Durante a maior parte da vida ela foi alvo de críticas; algumas ácidas. Inicialmente chegou a ser considerada “modernizante” mas, após um período de carência e festejos, foi sendo progressivamente questionada: primeiro foram qualificados gestores e juristas mas, nos últimos tempos, ante clima de “politicamente correto” pairando no ar, até jejunos se sentiam no direito de achincalhá-la. Tudo isso a deixava muito desgostosa; chegando mesmo a pensar que tal sina era mal congênito, resultado de ter em sua certidão de nascimento a marca da Besta do Apocalipse: 666!

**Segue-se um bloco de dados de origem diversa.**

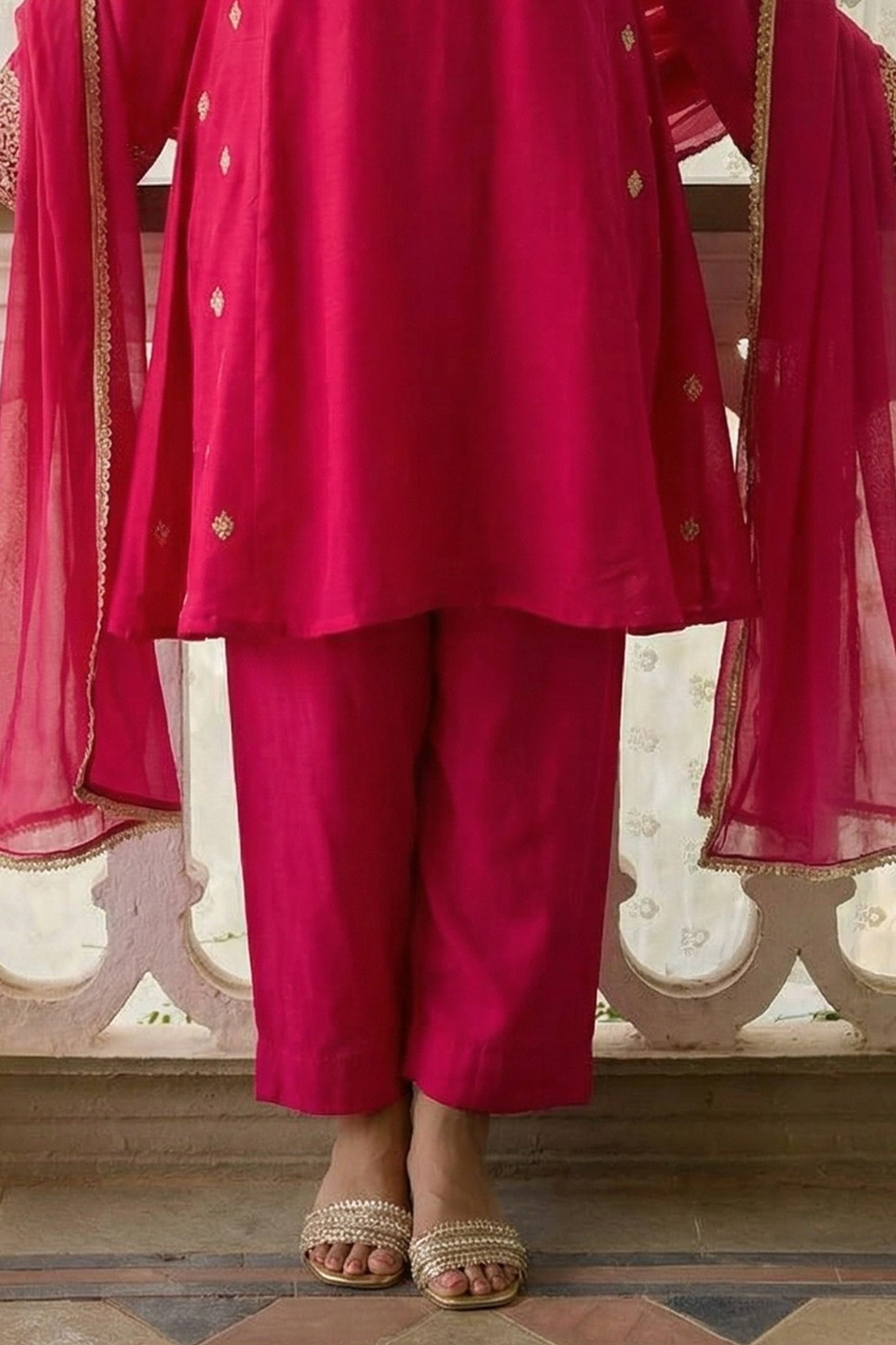 Pink Readymade Embroidered Cotton Silk Suit-SAR12756_4_SareeButa.com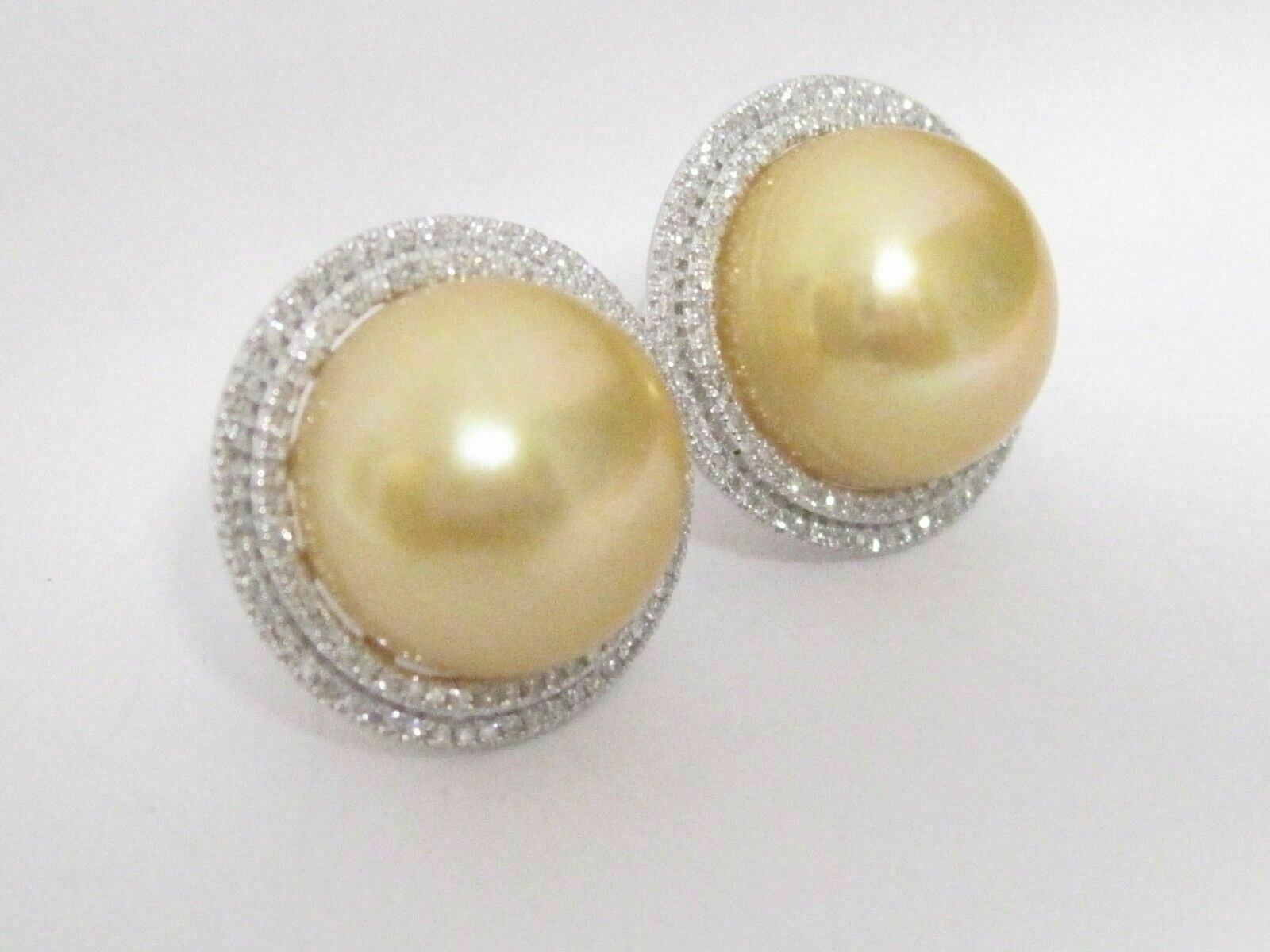 Fine 13mm Freshwater Yellow Gold Pearls Diamond Accent Earrings 14k White Gold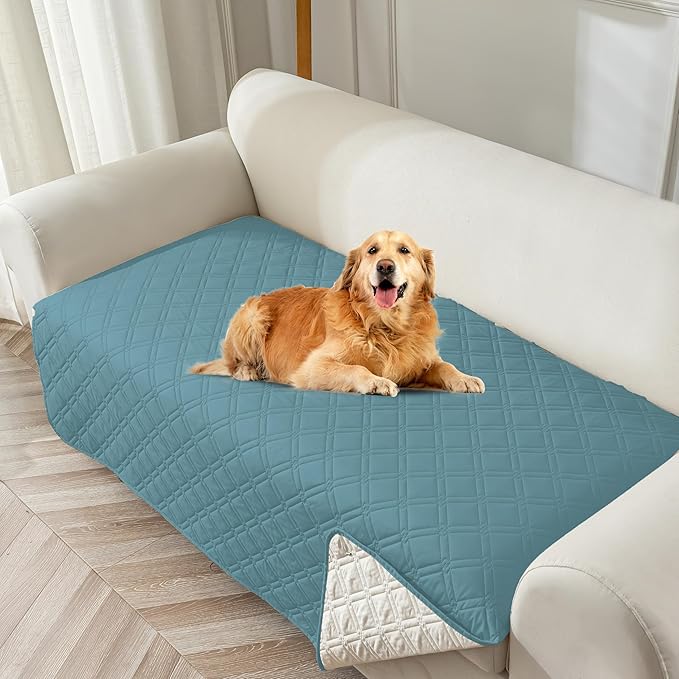 Genina Waterproof Couch Cover, Washable Anti-Slip 78inch Sofa Covers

Inevitável, assim, ser ela a principal suspeita de uma carta apócrifa que alguém, anonimamente, enviou pedindo que acompanhasse o caixão até a cova; divulgando-a só posteriormente (o que ora é feito).
Lembra o texto que, ao longo dos 28 anos de existência da falecida, o PIB brasileiro chegou a crescer 87%. Que as exportações mais que quintuplicaram em volume (118,8 para 697,4 Mt/ano) e quase decuplicaram em valor (21,9 para 209,2 bi US$). Que ela coadjuvou a Lei nº 8.987/95 (Lei de Concessões; depois também a Lei nº 11.079/04 – de PPPs) em programas de concessão rodoviária (federal e estaduais), ferroviária, aeroportuária, energética e de telecomunicações; base de grandes transformações infraestruturais ocorridas no País no pós Plano-Real.
Também que coadjuvou a Lei nº 8.630/93 (Lei dos Portos, sua contemporânea) em mais de duas centenas de arrendamentos (muitos desses, contratos já renovados). Que ao longo desses período a produtividade/eficiência (portuária e sistêmica) cresceu 5, 10, 20 ou mais vezes; e a movimentação portuária brasileira, em seu conjunto, mais que triplicou!
A carta, em tom polido, parecia ser um mero desagravo. Mas acabou tendo efeito inesperado: levou temor a inúmeros administradores e governantes que lograram transformar a falecida em álibi prêt-à-porter, quase axiomático, para suas inações ou gambiarras. Preocupação maior e mais imediata, porém, espraiou-se entre aqueles defensores da desestatização (privatização, em linguagem corrente) de autoridades portuárias; para os quais a falecida gerava “burocracia”, e essa dificuldades para licitação e contratação no setor público: como seguir com tal crítica se a Lei nº 8.666 já está sepultada?
E principalmente: como sustentar tal fundamentação se a sucessora (Lei nº 14.133/21), cuja certidão de nascimento vem de ser registrada, está sendo saudada como portadora de grandes avanços? Marçal Justen Filho, p.ex, em recente e didática palestra, destacou: i) a incorporação dos mais avançados recursos tecnológicos aos processos (todos os documentos e atos devem ser disponibilizados na internet) – ou seja, transparência; ii) a previsão de uso de pré-qualificação objetiva (para minimizar o risco de aquisição do “café de repartição”) – qualidade; iii) a possibilidade de correção de contratos que “começam mal” – economia processual; e, especialmente, iv) a rejeição de “formalismo inútil” – celeridade e foco no essencial.
Melhor; não se trata de voz isolada: a maioria dos “operadores do direito” e gestores, que já se manifestaram, vai na mesma linha que, SMJ, poderia ser sintetizada em: moderna, destravante e focada em resultados.
Bem vinda nova “Lei de Licitações e Contratos Administrativos”: muitos desafios à frente. Ânimo! Sucesso! É a torcida.